Wednesday, January 22, 2014

Geometry Problem 964: Right Triangle, Cevians, Angles, 10, 20, 30 Degrees

Geometry Problem
Level: Mathematics Education, High School, Honors Geometry, College.

Click the figure below to see the complete problem 964.

Online Geometry Problem 964: Right Triangle, Cevians, Angles, 10, 20, 30 Degrees


  1. I do not have a full solution but a suggestion for others. Consider G the midpoint of BD. G is the circumcentre of Tr. ABD or GA=GD. For reasons that are still unclear to me, GAD is an equilateral triangle, In other words, AD=GA=GD or AD=BD/2 which in turn suggests that BAD is a 30°-60°-90° triangle. /_EDF is therefore=40° and thus x=(40+10)=50°.
    All that remains now is to prove that Tr. GAD is equilateral. Still beyond me though -- A lovely problem, Antonio!

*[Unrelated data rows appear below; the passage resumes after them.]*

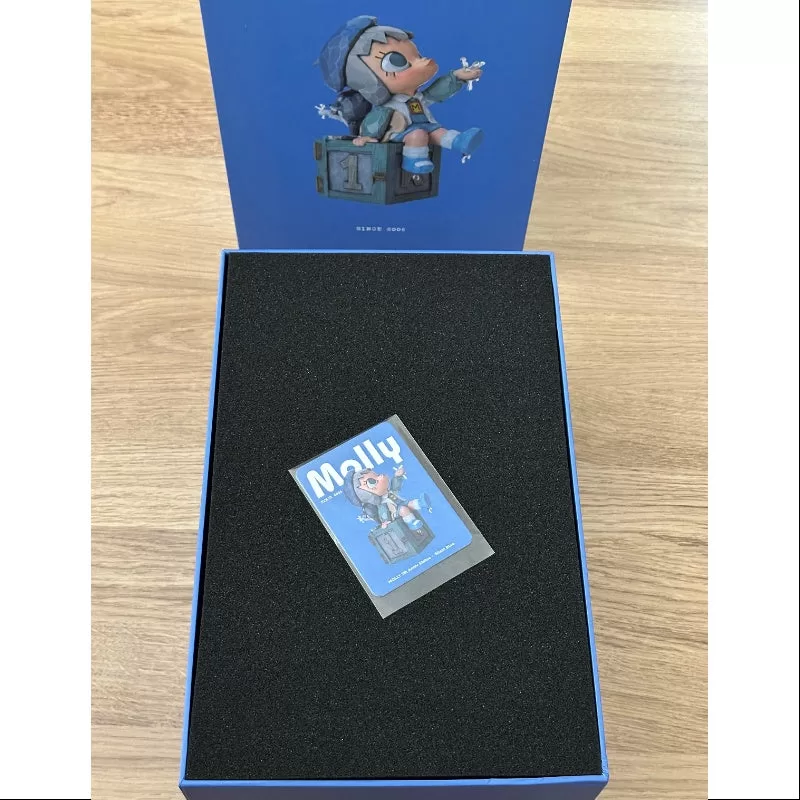 Estatua del 1.er aniversario de Molly x Silent Trick, Silent Blue, edición limitada de 2024 Estatua del 1.er aniversario de Molly x Silent Trick, Silent Blue, edición limitada de 2024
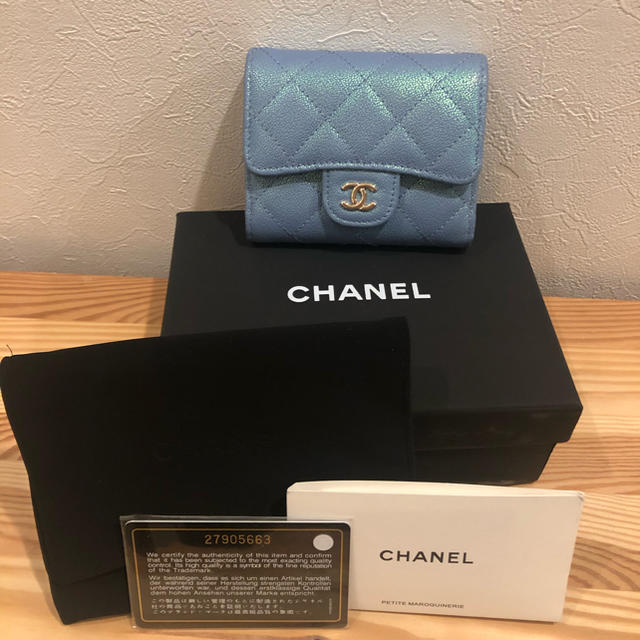 交渉OK: ブルーが綺麗なCHANEL(?)三つ折りウォレット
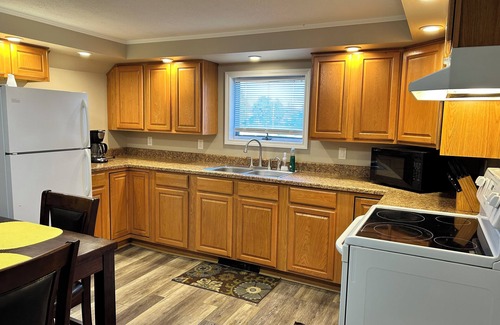 Clayton Apartment | Cozy, Clean, Convenient and Spacious 3-bedroom apartment in beautiful Clayton.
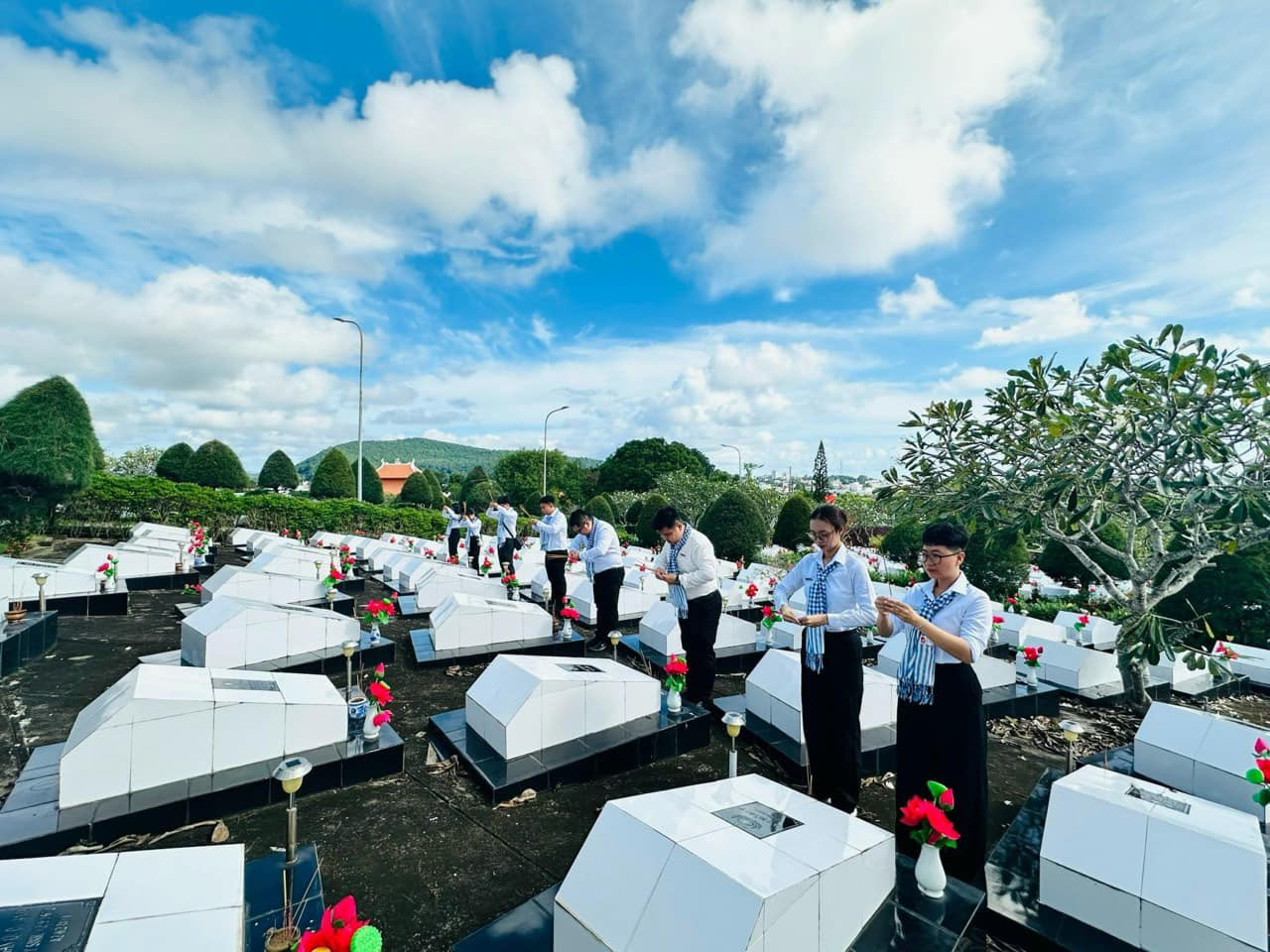 Các đại biểu thắp hương tưởng nhớ các anh hùng liệt sĩ. Các đại biểu thắp hương tưởng nhớ các anh hùng liệt sĩ.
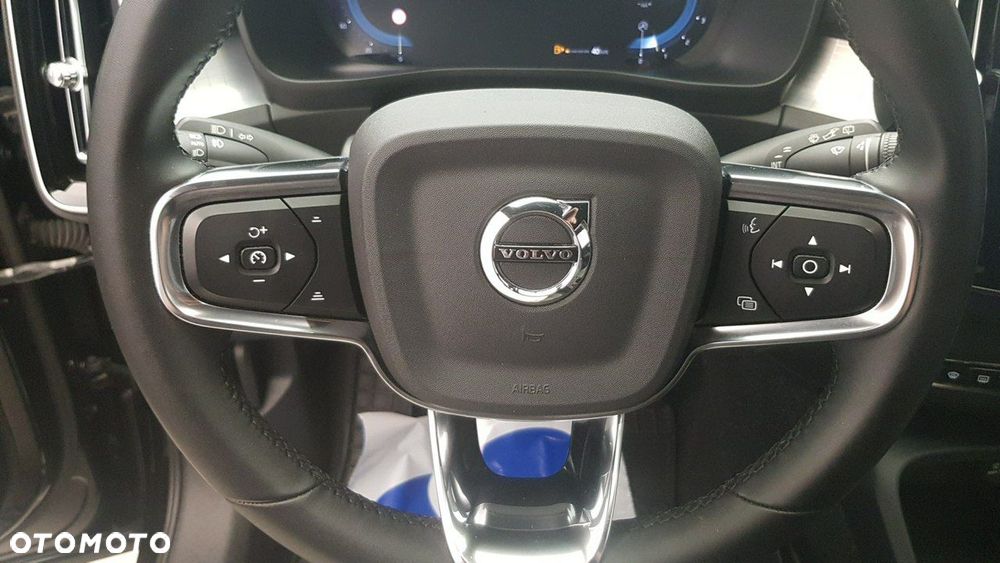 Volvo XC 40 - 21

  2. Consider G pe BC astfel incatDG= ED=DC,rezulta EDG echilateral,EGB,GDC,BGD isoscele=>BG=EC=GD=ED=DC m<BDG=20°,m<BDE=40°.x=50°.

  3. See

    Angle DEC=10 deg. ---> triangle DCE is isoceles ---> CD=DE.
    Put point G on BC, so that DC=DG ---> angle DGC=DCG=40 deg.
    ---> angle CDG=100 deg. ---> angle GDE=60 deg.
    Triangle DGE is equilateral <--- DE(=CD)=DG.
    Angle GEB=180-70-60=50 deg.=angle GBE.
    ---> GE=GB, and angle BGE is 80 deg.

    Points B, E, D are on circle G.
    ---> angle BDE=angle BGE/2=40 deg.

    Angle BFE(=x)=40+10=50 deg.

  4. Alternatively one could use trigonometry. Angle DEC = 10 deg, so CD=DE. Let CD=1 (unit length). AD = DE*cos(20 deg), BA=AC*tan(40 deg). DE=1, AC=1+AD=1+cos(20 deg)
    Tan(angle ABD) = AD/BA=cos(20deg)/(1+cos(20 deg))/tan(40 deg) = tan(30)
    Angle ABD = 80 - X = 30. So X = 50 deg.